INFEKSI SALURAN PERNAPASAN AKUT (ISPA)
DEFINISI Infeksi saluran napas akut juga dikenal sebagai ISPA adalah penyakit infeksi akut yang melibatkan organ saluran pernapasan, hidung, sinus, faring atau laring hingga alveoli (saluran pernapasan bawah). Yang tergolong sebagai ISPA adalah rhinitis, sinusitis, faringitis, tonsilitis dan laryngitis. Disebut common cold atau selesma bila gejala di hidung lebih menonjol, sementara “influenza” dimaksudkan untuk kelainan yang disertai faringitis dengan tanda demam dan lesu yang lebih nyata.
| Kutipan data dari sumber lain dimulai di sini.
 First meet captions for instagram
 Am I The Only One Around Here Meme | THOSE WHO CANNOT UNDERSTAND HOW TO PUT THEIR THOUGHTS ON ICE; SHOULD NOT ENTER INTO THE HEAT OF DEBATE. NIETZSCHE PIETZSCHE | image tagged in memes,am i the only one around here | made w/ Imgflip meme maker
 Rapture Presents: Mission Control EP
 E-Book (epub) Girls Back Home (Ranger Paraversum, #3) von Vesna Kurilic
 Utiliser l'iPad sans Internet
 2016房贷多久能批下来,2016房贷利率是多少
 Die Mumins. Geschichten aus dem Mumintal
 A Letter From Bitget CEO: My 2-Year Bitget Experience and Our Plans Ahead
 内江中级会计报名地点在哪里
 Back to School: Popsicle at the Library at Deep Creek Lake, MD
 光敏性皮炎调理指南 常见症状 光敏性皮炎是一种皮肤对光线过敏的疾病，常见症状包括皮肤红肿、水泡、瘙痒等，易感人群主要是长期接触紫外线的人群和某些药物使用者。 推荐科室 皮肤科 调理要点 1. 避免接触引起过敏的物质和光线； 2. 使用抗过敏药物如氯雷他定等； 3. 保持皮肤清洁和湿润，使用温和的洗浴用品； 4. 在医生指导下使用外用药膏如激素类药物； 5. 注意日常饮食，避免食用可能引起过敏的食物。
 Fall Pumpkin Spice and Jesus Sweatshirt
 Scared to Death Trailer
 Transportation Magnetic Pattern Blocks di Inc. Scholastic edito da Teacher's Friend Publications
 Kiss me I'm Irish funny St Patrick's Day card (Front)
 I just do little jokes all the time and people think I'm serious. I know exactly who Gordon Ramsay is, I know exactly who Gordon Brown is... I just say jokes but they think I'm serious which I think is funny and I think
PENYEBAB Penyebab terjadinya ISPA adalah virus, bakteri dan jamur. Kebanyakan adalah virus. GAMBARAN KLINIS  Gejala sistemik khas berupa sakit kepala, nyeri otot (myalgia), nyeri sendi, dan nafsu makan hilang, disertai gejala lokal berupa rasa menggelitik sampai nyeri tenggorokan, batuk, hidung tersumbat, bersin, dan ingus encer.  Tenggorokan tampak hiperemia.  Dalam rongga hidung tampak konka yang sembab dan hipermia.  Sekret dapat bersifat serus, seromukus atau mukopurulen bila ada infeksi sekunder. DIAGNOSIS Berdasarkan Anamnesis (gambaran klinis dan riwayat perjalanan penyakit) dan pemeriksaan fisik. PENATALAKSANAAN Kebanyakan ISPA disebabkan oleh virus yang dapat sembuh dengan sendirinya tanpa pemberian obat-obatan terapeutik.  Anjuran istirahat dan banyak minum sangat penting. Pengobatan simtomatis diperlukan untuk menghilangkan gejala yang terasa berat atau mengganggu.  Parasetamol 500 mg 3 x sehari atau asetosal 300 – 500 mg 3 x sehari baik untuk menghilangkan nyeri dan demam.  Antibiotik hanya diberikan bila terjadi infeksi sekunder.